Earlier this month we posted an excerpt on the blog from the Oddball Stocks Newsletter about Pinelawn Cemetery. A journalist from ProPublica has just published a long exposé on Pinelawn Memorial Park, which has "land share certificates" that trade on the OTC:
All those new graves and higher prices at Pinelawn translated into cash for the Locke family, the descendents of the cemetery’s founder. The explanation lies in an obscure but lucrative financial instrument called a “land share,” which in Pinelawn’s case dates back to 1904 and pays dividends twice a year. Those payouts more than doubled during the early months of the pandemic, from $13.65 per share in August 2019 to $28 in August 2020, before subsiding to $20.70 in August 2021.
The Locke family owns 51,964 of the 127,850 land shares that were issued by Pinelawn during the presidential administration of Theodore Roosevelt, and which still circulate today. The shares are unusual in another regard: Some of the rest are traded on an over-the-counter Nasdaq market — their price has more than doubled over the past five years — and a small coterie of investors have bought shares, coveting their reliable revenue stream. No other cemetery land shares are listed on Nasdaq’s OTC Markets Group.
Calling them “land shares” is a bit of a misnomer, since they don’t actually entail owning land.

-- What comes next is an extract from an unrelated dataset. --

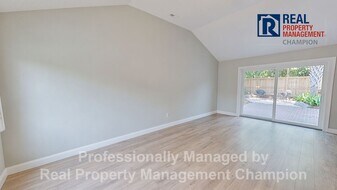 6741 Cable Car Ln in Wilmington, NC - Building Photo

Instead, they’re an investment, originally used to fund the creation of the cemetery, that entitles the holder to dividends derived from the sales of cemetery plots. Half of the proceeds from each sale of a plot go to pay the dividends, with the other half used to take care of the property.

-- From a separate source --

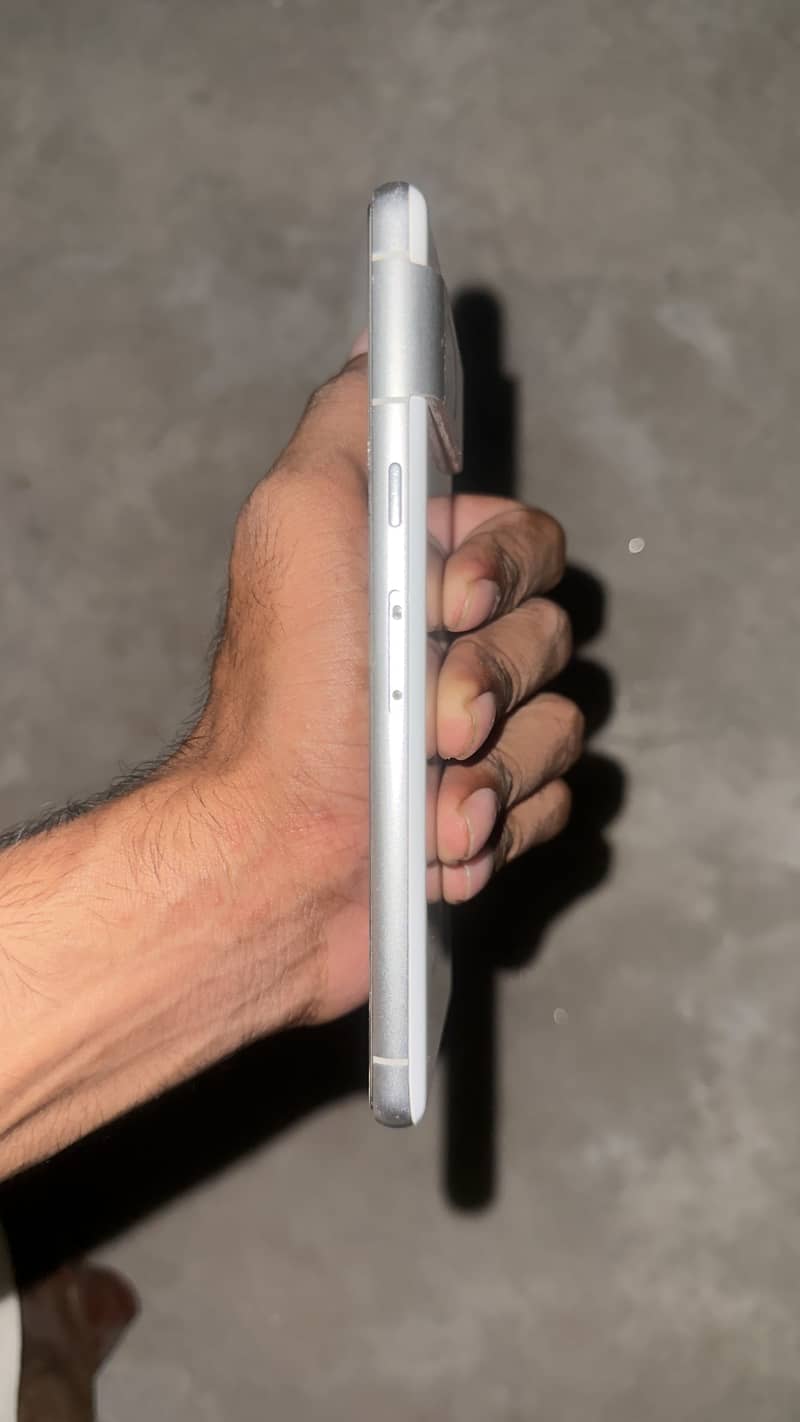 Google Pixel 7 5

The shares remain valid until the last plot is sold and the empty land at Pinelawn has been used up. That day is far off. Of Pinelawn’s 839 acres, more than 600 remain unsold and undeveloped today. In 2018, Pinelawn president Justin Locke said that at the current pace the cemetery wouldn’t run out of land for at least 206 years.
That is much more unsold land than we had previously estimated. However, it seems plausible because Pinelawn has enough undeveloped land that they have proposed to develop warehouses and office buildings on some of it:
Justin Locke was appearing before the Cemetery Board to sound them out on a new idea: leasing 100 acres of Pinelawn’s property to develop into warehouses and office buildings.
Justin Locke made his case to the Cemetery Board, starting with the surprising claim that the area of the cemetery he wanted to develop was blighted. He described the 100-acre parcel as filled with “crime, trespassing, quality-of-life issues that are affecting the neighbors, complaints. It’s hurting our reputation.” (The “crime” he was describing seemed to consist largely of trespassers riding ATVs on the property.)
Noting Pinelawn’s extensive unused land, Locke touted the potential revenues the cemetery could earn by leasing the parcel. He called it a “cake-and-eat-it scenario where we can leave the property over there, maintain control over it, but generate a substantial income off of it in the meantime.”
The Pinelawn certificates are now "expert market" on the OTC. Recently they have been trading in the low $500s, which is about an 8% distribution yield on the most recent two distributions.
Hi Nate,
ReplyDeleteThis is an interesting case. I was looking at Google Maps and I can't see how 600 of 839 acres are undeveloped. Unless so much changed since 2018... On the map it looks like most of the cemetery is filled with plaques. There are a few empty spots here and there but 600 seems too much to me.
I thought the same thing when I looked several years ago. Most of it was already placed in use except for one lot on the end.